Cluster does not follow MDL semantics
Affects | Status | Importance | Assigned to | Milestone | |
---|---|---|---|---|---|
Percona XtraDB Cluster moved to https://jira.percona.com/projects/PXC |
Confirmed
|
Medium
|
Alexey Zhebel |
Bug Description
Whenever a DDL is executed and on the source node where its executed, if there is a query or a transaction that holds MDL locks, then that transaction is aborted and the DDL does not wait. This is against the MDL semantics and if its purposely done then it should be documented.
Test case follows.
-- Create the required table and populate it with data:
CREATE TABLE `t1` (
`i` int(11) NOT NULL AUTO_INCREMENT,
`c` char(32) NOT NULL DEFAULT 'dummary_text',
PRIMARY KEY (`i`)
) ENGINE=InnoDB AUTO_INCREMENT=518 DEFAULT CHARSET=latin1;
insert into t1 values(null, 'dummary_text');
insert into t1 values(null, 'dummary_text');
insert into t1 values(null, 'dummary_text');
-- Run the test queries
node2_session1> start transaction;
Query OK, 0 rows affected (0.00 sec)
node2_session1> select count(*) from t1; -- this query causes metadata locks to be held till the transaction is not done
+----------+
| count(*) |
+----------+
| 3 |
+----------+
1 row in set (0.00 sec)
node2_session2> alter table t1 engine=innodb; -- this goes through without getting blocked
Query OK, 3 rows affected (1.87 sec)
Records: 3 Duplicates: 0 Warnings: 0
node2_session1> select count(*) from t1; -- deadlock is reported here
ERROR 1213 (40001): Deadlock found when trying to get lock; try restarting transaction
As you can see that both the transaction and alter were started on the same node, and the alter table caused the transaction to be aborted.

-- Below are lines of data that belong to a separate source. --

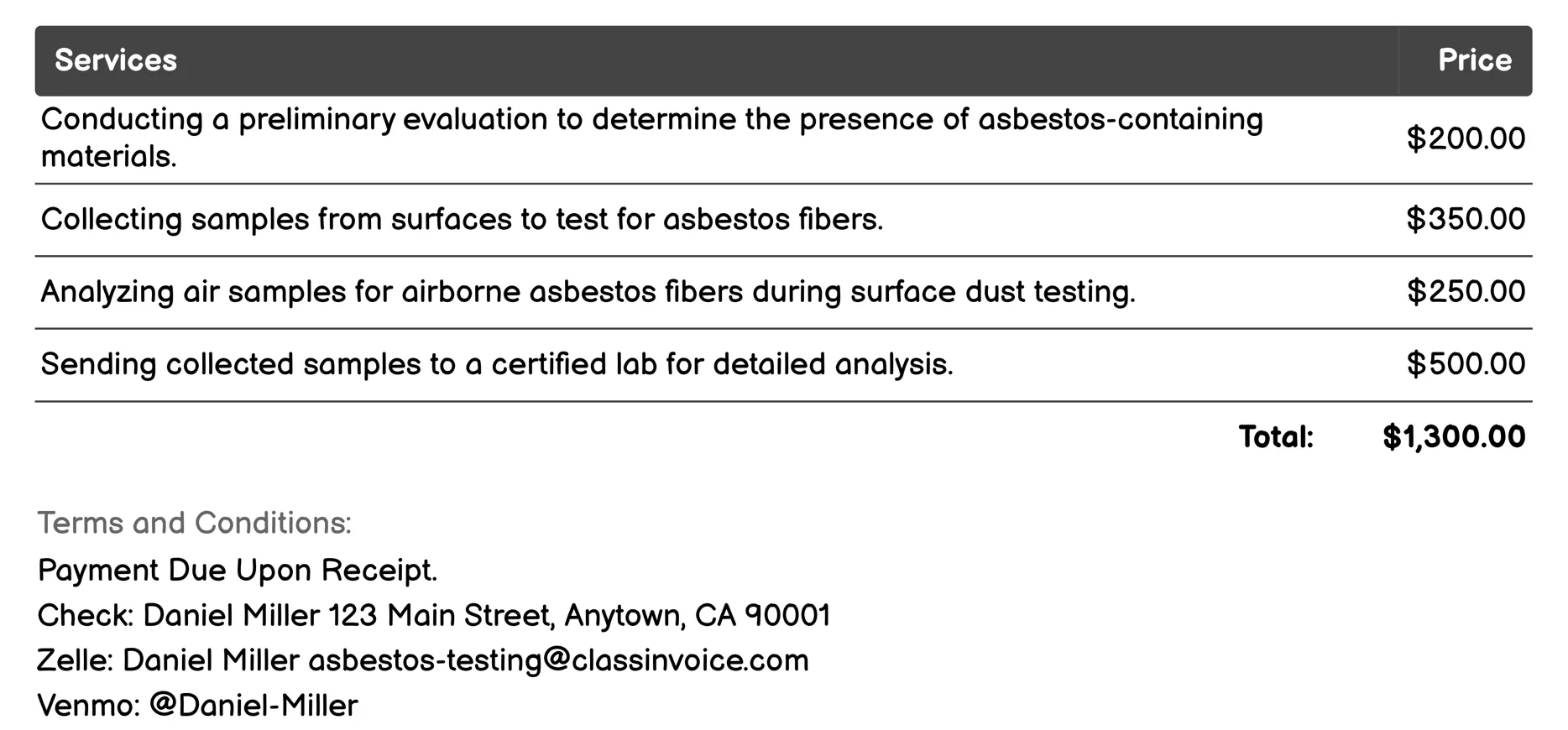 Surface Dust Testing Invoice Example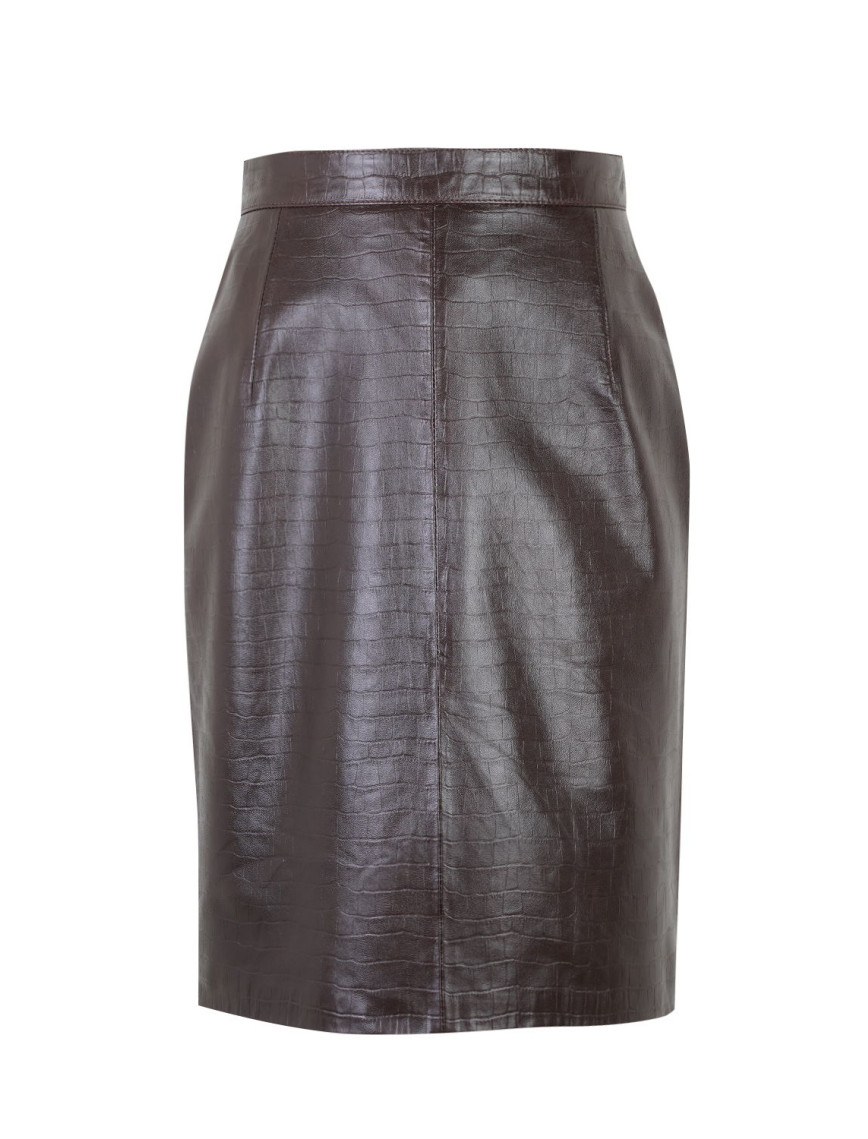 Ayalisse Kahve Kadın Kroko Baskılı Deri Etek Ayalisse Kahve Kadın Kroko Baskılı Deri Etek
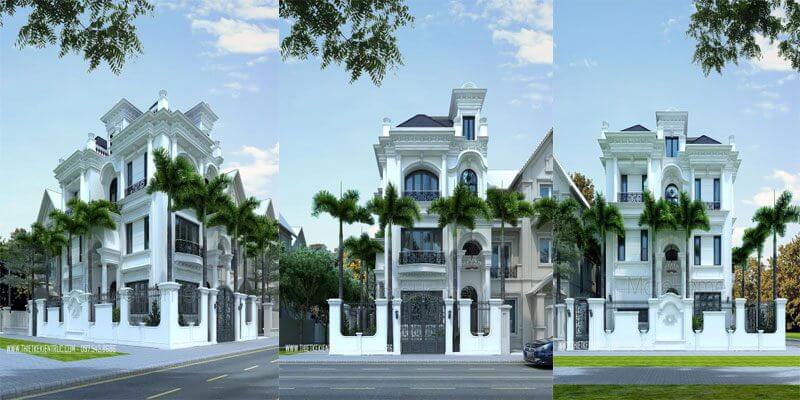 Thiết kế kiến trúc biệt thự tân cổ điển Thiết kế kiến trúc biệt thự tân cổ điển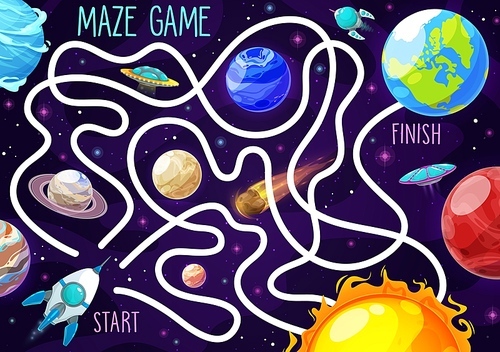 Space labyrinth maze game for kids, puzzle or tabletop vector boardgame. Kid board game labyrinth maze with rocket spaceship and planets in space, jigsaw entertainment and leisure game background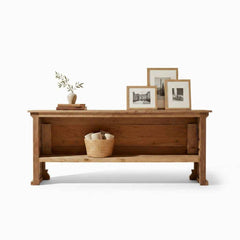 KB ART KB ART Natural Teak Low Open Storage TV Console – Handcrafted Solid Teak Wood Jodhpur Rajasthani Decor – Handcrafted Boho Jodhpur Home Decor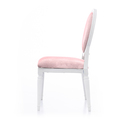 Аренда стульев Louis белого цвета с розовой бархатной обивкой 3-2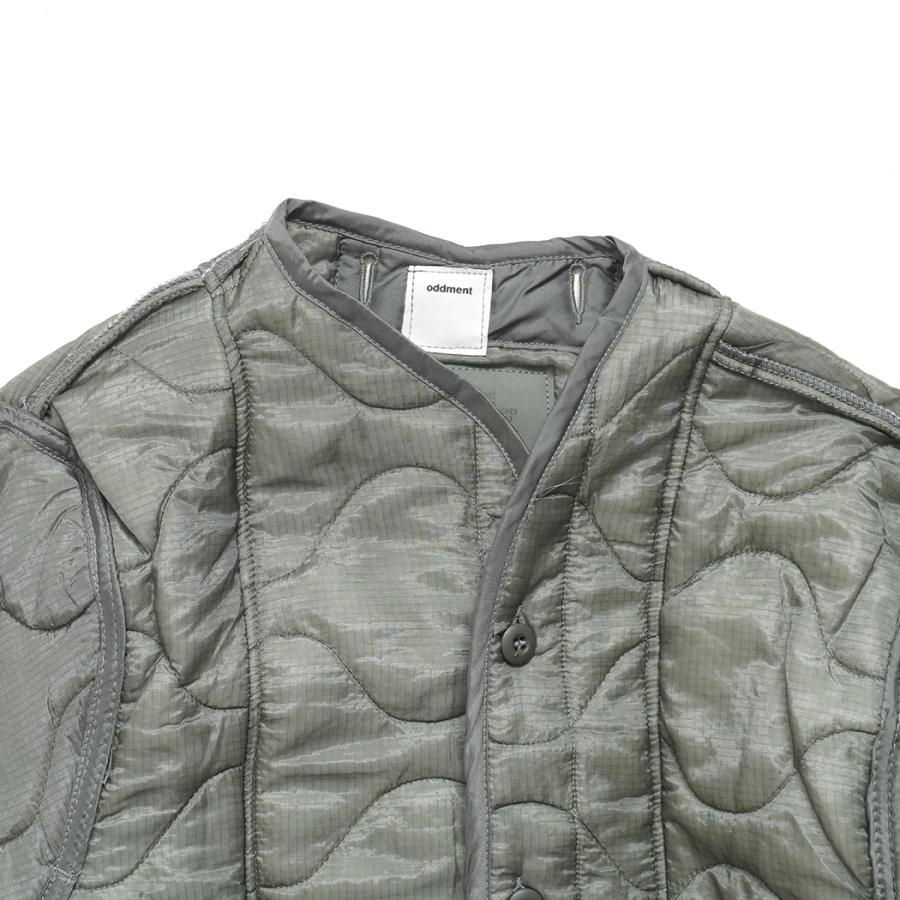 oddment / QUILTING MA-1 - Olive キルティングライナー リメイクノーカラーブルゾン |  | 02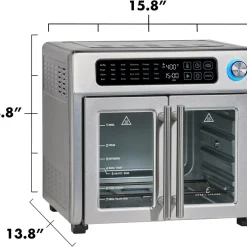 Alternative view of Emeril Lagasse 26 QT Extra Large Air Fryer, Convection Toaster Oven with French Doors, Stainless Steel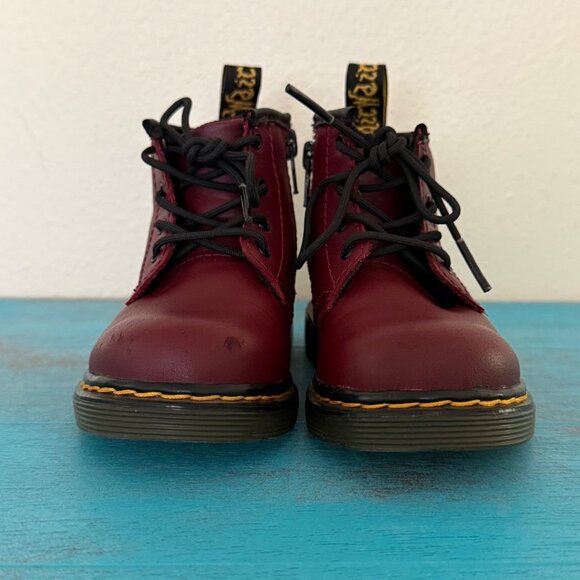 Dr. Martens Red Leather Toddler Lace-Up Boots With Side Zippers Size 6T - Picture 2 of 9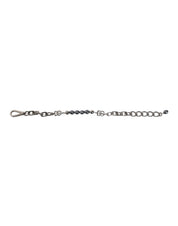 Silver Tone Chain Lobster Clasp Logo Gray Pearls Bracelet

Following can be seen in the error log of the same node:
130316 4:15:56 [Note] WSREP: cluster conflict due to high priority abort for threads:
130316 4:15:56 [Note] WSREP: Winning thread:
THD: 25, mode: total order, state: executing, conflict: no conflict, seqno: 551518
SQL: alter table t1 engine=innodb
130316 4:15:56 [Note] WSREP: Victim thread:
THD: 24, mode: local, state: idle, conflict: no conflict, seqno: 0
SQL: (null)
130316 4:15:56 [Note] WSREP: MDL conflict db=test table=t1 ticket=3 solved by abort
130316 4:15:56 [Note] WSREP: cluster conflict due to high priority abort for threads:
130316 4:15:56 [Note] WSREP: Winning thread:
THD: 25, mode: total order, state: executing, conflict: no conflict, seqno: 551518
SQL: alter table t1 engine=innodb
130316 4:15:56 [Note] WSREP: Victim thread:
THD: 24, mode: local, state: idle, conflict: aborting, seqno: 0
SQL: (null)
This is a deviation from the MDL behaviour and hence should be documented.
tags: | added: doc |
Changed in percona-xtradb-cluster: | |
status: | New → Triaged |
assignee: | nobody → Hrvoje Matijakovic (hrvojem) |
milestone: | none → 5.5.30-24.8 |
Changed in percona-xtradb-cluster: | |
status: | Triaged → In Progress |
Changed in percona-xtradb-cluster: | |
status: | In Progress → Fix Committed |
Changed in percona-xtradb-cluster: | |
status: | Fix Committed → Confirmed |
Changed in percona-xtradb-cluster: | |
milestone: | 5.5.31-23.7.5 → none |
Changed in percona-xtradb-cluster: | |
importance: | Undecided → Medium |
Changed in percona-xtradb-cluster: | |
assignee: | Hrvoje Matijakovic (hrvojem) → Alexey Zhebel (alexey-zhebel) |
DDL is not transactional in MySQL, and therefore requires special treatment with synchronous replication.
When DDL is processed under total order isolation (wsrep_ osu_method= TOI - which is default), the DDL statement will be replicated up front to the cluster. i.e. cluster will assign global transaction ID for the DDL statement before the DDL processing begins. Then every node in the cluster has the responsibility to execute the DDL in the given slot in the sequence of incoming transactions, and this DDL execution has to happen with high priority. So, local transactions have to yield, and even MDL does not protect them.
If DDL is configured to happen under rolling schema upgrade (RSU) method, then it would be possible to honor MDL policy.